Agentes municipais de saúde não seguiram políticas adotadas para prevenir a dengue em Feira; requerimento questiona estoque de veneno e outras informações

18/08/2022, 11:27 | Foto: Marcio Garcez Vieira / ASCOM-CMFS

Informações sobre o estoque do ano de 2022 de veneno para combater larvas de Aedes Aegypti, a razão dos agentes de endemias visitarem as casas e não aplicarem o larvicida/inseticida, quais são as atividades dos agentes de endemias e as políticas adotadas para prevenir a dengue em 2021 e 2022. Essas são algumas das perguntas constantes no requerimento nº 215/2022 de autoria do vereador Fernando Torres (PSD), direcionado ao prefeito Colbert Martins Filho, ao secretário de Saúde Marcelo Brito, e ao coordenador de endemias, Edilson Matos.  

Ainda, busca-se saber qual o valor gasto este ano e como justifica não ter criado nenhuma política preventiva até o momento para combater o mosquito.
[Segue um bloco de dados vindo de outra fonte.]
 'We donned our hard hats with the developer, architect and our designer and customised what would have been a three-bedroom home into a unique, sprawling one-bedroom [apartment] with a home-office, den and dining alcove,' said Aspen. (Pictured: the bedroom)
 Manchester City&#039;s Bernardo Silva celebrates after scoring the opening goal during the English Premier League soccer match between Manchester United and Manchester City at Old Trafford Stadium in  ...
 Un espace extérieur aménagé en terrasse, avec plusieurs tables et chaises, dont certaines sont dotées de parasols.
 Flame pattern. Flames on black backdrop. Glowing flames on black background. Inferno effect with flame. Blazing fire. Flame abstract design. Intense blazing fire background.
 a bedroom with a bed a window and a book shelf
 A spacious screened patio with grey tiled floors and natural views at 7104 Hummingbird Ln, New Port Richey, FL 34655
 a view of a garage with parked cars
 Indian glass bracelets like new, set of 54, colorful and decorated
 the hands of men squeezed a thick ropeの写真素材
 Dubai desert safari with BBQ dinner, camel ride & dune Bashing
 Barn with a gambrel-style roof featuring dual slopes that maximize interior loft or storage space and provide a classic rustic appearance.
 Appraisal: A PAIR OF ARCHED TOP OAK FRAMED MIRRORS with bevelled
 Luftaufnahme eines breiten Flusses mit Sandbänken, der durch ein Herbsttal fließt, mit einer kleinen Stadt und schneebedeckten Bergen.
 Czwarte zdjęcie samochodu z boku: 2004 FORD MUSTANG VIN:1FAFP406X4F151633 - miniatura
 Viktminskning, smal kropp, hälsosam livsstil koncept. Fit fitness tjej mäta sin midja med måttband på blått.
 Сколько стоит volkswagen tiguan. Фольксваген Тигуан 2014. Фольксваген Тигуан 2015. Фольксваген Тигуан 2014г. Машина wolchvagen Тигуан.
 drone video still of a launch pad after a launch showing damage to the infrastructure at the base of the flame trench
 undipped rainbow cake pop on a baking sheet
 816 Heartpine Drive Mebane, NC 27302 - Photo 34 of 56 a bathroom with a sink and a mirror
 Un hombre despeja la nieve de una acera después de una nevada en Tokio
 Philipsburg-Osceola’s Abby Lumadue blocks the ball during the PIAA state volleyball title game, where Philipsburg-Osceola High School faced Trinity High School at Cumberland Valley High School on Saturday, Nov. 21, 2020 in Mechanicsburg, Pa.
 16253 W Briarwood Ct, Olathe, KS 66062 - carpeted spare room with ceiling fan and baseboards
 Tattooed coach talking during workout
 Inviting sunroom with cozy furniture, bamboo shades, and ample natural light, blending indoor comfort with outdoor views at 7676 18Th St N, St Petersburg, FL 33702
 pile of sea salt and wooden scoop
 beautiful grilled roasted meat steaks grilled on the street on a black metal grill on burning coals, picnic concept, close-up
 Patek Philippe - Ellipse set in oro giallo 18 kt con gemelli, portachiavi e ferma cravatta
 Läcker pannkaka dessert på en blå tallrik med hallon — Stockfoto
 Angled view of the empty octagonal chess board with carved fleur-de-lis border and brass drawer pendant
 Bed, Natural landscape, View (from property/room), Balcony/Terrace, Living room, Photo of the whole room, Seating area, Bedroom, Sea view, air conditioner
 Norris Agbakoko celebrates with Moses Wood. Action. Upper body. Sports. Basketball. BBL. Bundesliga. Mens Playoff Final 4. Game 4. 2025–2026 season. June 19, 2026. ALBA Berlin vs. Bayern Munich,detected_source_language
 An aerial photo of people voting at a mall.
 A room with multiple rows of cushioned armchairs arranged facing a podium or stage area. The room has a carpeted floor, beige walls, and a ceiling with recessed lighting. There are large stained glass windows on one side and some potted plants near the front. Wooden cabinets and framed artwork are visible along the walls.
Quem são os responsáveis por fiscalizar as casas também é um questionamento. Conforme consta no requerimento, de acordo com o Manual de Normas Técnicas da Funasa para instruções ao pessoal de combate ao vetor, existem três formas de tratamento: o focal, o perifocal e o tratamento a ultrabaixo volume – UVB. 

No primeiro (focal), há a aplicação de um produto larvicida nos depósitos positivos para formas imaturas de mosquitos, que não possam ser eliminados mecanicamente. No segundo tipo, o perifocal, os agentes aplicam uma camada de inseticida de ação residual nas paredes externas dos depósitos situados em pontos estratégicos, por meio de aspersor manual com o objetivo de atingir o mosquito adulto que ali pousar na ocasião do repouso ou da desova.  

No terceiro tratamento (a ultrabaixo volume – UVB) ocorre a aplicação espacial de inseticidas a baixíssimo volume. Contudo, em Feira de Santana, nenhum dos três tipos de tratamento recomendado pela FUNASA foi utilizado pelos agentes municipais, motivo pelo qual este requerimento está sendo apresentado.